Was bringt biologische und regenerative Bewirtschaftung, wenn es wirklich heiß und trocken wird? Der Weinjahrgang 2026 könnte darauf einige Antworten liefern. In der Wachau treffen extreme Wetterbedingungen auf Weingärten, deren Bewirtschaftung in den vergangenen Jahren deutlich verändert wurde.
Der Winter brachte zu wenig Niederschlag, im Frühjahr folgten trockene Wochen und Ende April Frostnächte. Ende Juni wurden bereits Temperaturen bis zu 38 °C gemessen. Auch Juli und August blieben heiß und niederschlagsarm. Für die Reben bedeutet das Stress – und für die Winzer einen Belastungstest ihrer Bewirtschaftungsmethoden.
Die Domäne Wachau setzt unter anderem auf vielfältige Begrünung, Verzicht auf Herbizide und Insektizide, Kompostierung und zunehmend biologische Bewirtschaftung. Dahinter steckt nicht nur eine ökologische Idee. Entscheidend ist die Frage, ob dadurch Böden entstehen, die mit Wetterextremen besser umgehen können.

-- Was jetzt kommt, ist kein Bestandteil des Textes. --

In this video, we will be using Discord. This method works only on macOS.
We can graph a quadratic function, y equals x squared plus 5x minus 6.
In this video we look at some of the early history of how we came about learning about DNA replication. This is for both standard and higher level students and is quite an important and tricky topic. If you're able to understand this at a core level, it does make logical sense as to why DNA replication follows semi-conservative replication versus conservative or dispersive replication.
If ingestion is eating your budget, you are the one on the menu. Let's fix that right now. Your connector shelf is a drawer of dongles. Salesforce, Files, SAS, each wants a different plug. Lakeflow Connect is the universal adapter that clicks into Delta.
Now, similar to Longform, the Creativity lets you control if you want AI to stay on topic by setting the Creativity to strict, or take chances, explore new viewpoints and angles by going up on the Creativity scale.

Begrünte und biologisch aktive Böden können Wasser besser aufnehmen und speichern, während Bodenbedeckung Verdunstung und Erosion reduziert. Organische Substanz und Kompost verbessern zusätzlich die Bodenstruktur. Gerade bei längeren Trockenperioden kann das zum wirtschaftlich relevanten Faktor werden.
2026 zeigt allerdings auch die Grenzen: Keine Bewirtschaftungsmethode kann fehlenden Niederschlag ersetzen. Bei anhaltender Hitze und Trockenheit bleiben Wasserversorgung, Standort, Bodenart, Rebalter und Zeitpunkt einzelner Maßnahmen entscheidend.

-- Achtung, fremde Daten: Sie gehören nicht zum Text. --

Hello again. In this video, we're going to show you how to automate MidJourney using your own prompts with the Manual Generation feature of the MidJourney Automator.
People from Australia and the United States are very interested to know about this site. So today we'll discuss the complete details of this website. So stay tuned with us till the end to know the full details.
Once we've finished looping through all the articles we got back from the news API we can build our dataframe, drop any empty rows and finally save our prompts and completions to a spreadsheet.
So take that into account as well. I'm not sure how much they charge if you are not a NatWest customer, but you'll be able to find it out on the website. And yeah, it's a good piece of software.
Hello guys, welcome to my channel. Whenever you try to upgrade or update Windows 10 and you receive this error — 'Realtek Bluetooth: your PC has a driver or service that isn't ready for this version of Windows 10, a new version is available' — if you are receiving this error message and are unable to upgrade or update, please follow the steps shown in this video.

Interessant ist deshalb das Genossenschaftsmodell der Domäne Wachau. Erfahrungen aus unterschiedlichen Lagen und Parzellen können zwischen den Weinhauern ausgetauscht werden. Was auf einer Steilterrasse funktioniert oder scheitert, wird damit nicht nur zur Erfahrung eines einzelnen Betriebs.

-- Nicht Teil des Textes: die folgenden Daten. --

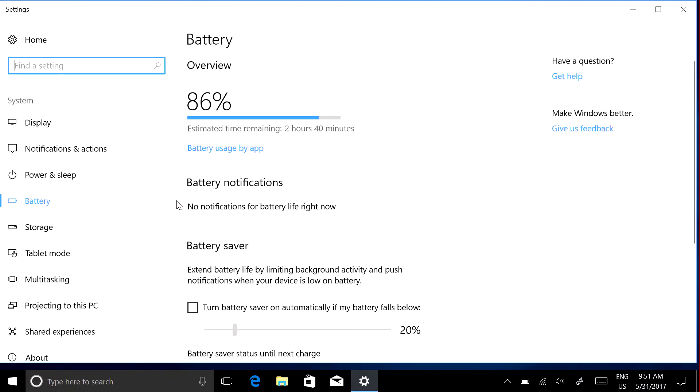Select Turn Battery Saver on automatically if my battery falls below, and move the slider further to the right for longer battery life.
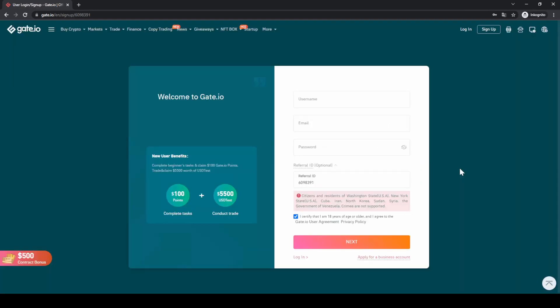Don't forget to create an account on Gate.io by using the link in the video description to get started directly, and you will also be eligible for up to $100 of bonus. Also subscribe to the channel to not miss out on any new crypto tutorials. And if you have any questions, always feel free to ask them in the comments.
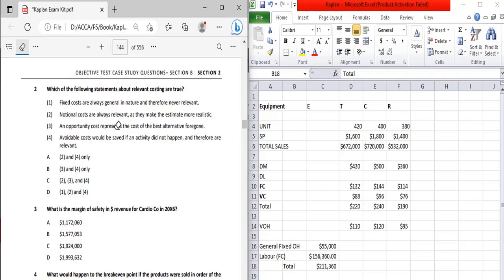Statement three: opportunity cost represents the cost of the best alternative foregone. This is a straightforward and correct definition of opportunity cost.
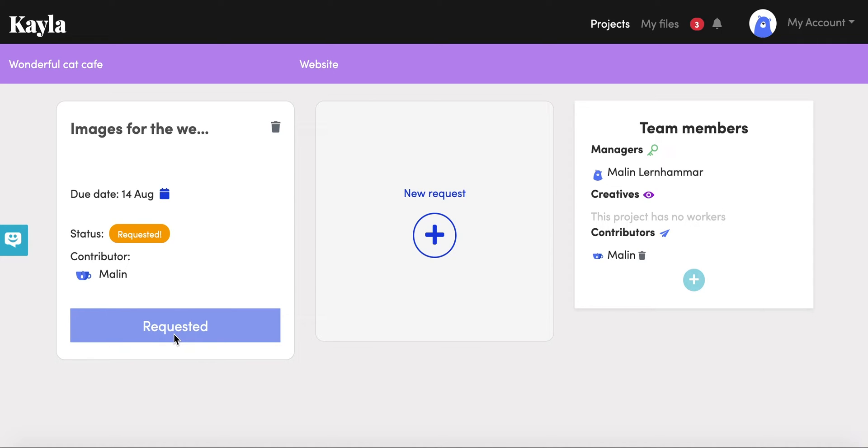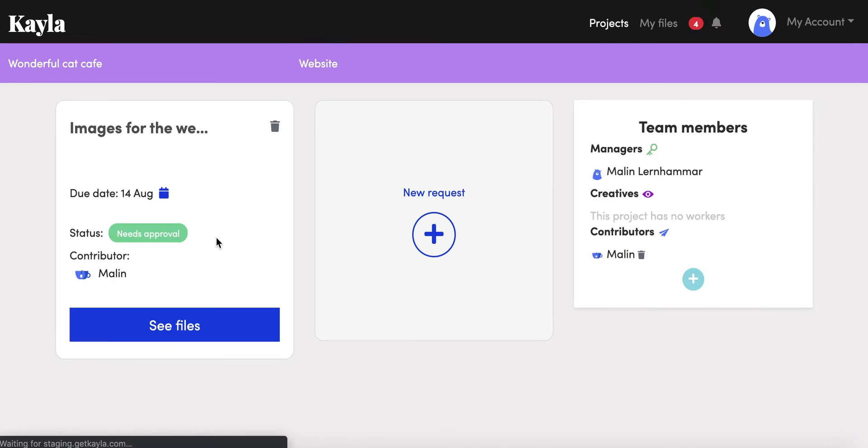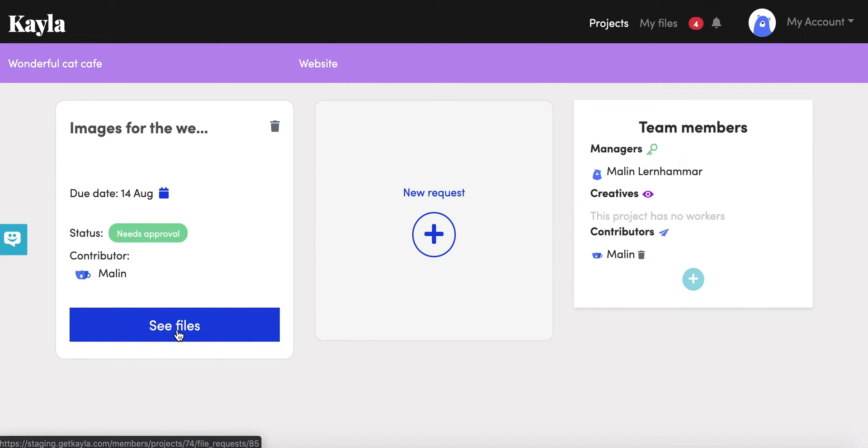You also see here it says requested, which means that right now there's nothing for you to do at this point. You just need to wait for the contributor to submit the content. Once it's submitted you'll get a notification and here you can see that there will be files for you to approve.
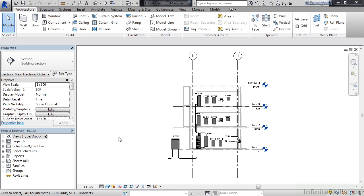In this lesson, we'll look at viewing the model in 3D.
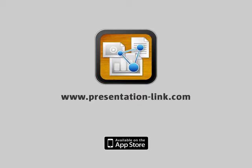You can find more information on PresentationLink.com. We also recently published a presentation viewer for iPhone. It's currently available for free, so give it a try.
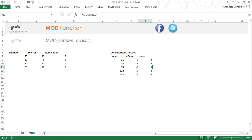MOD gives you the remainder. The INT pushes the number down to the nearest multiple. Thank you so much for watching this. You can follow us on Facebook or on Twitter and you can also read our blogs at goodly.co.in and you take care of yourselves. Bye-bye.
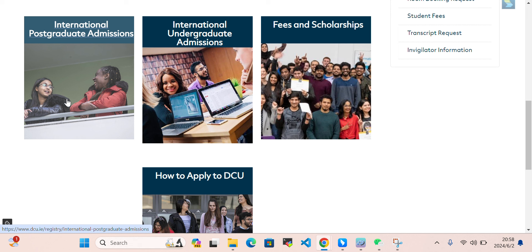So we have discussed undergraduate international application, postgraduate international admission, fees and scholarships, and how to apply to DCU. If you have any questions, you can ask in the comment section. Thank you so much for watching. If you'd like, please subscribe to the YouTube channel — take care.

Ganz gleich welcher Jahrgang – stellt sich die grundsätzliche Frage, ob eine „andere“ Bodenbewirtschaftung messbar mehr Widerstandskraft gegen Hitze, Trockenheit und Wetterextreme schafft. Die Wachau liefert dafür gerade einen ziemlich großen Feldversuch und PROST bleibt an der Frage dran. Wir halten Sie am Laufenden.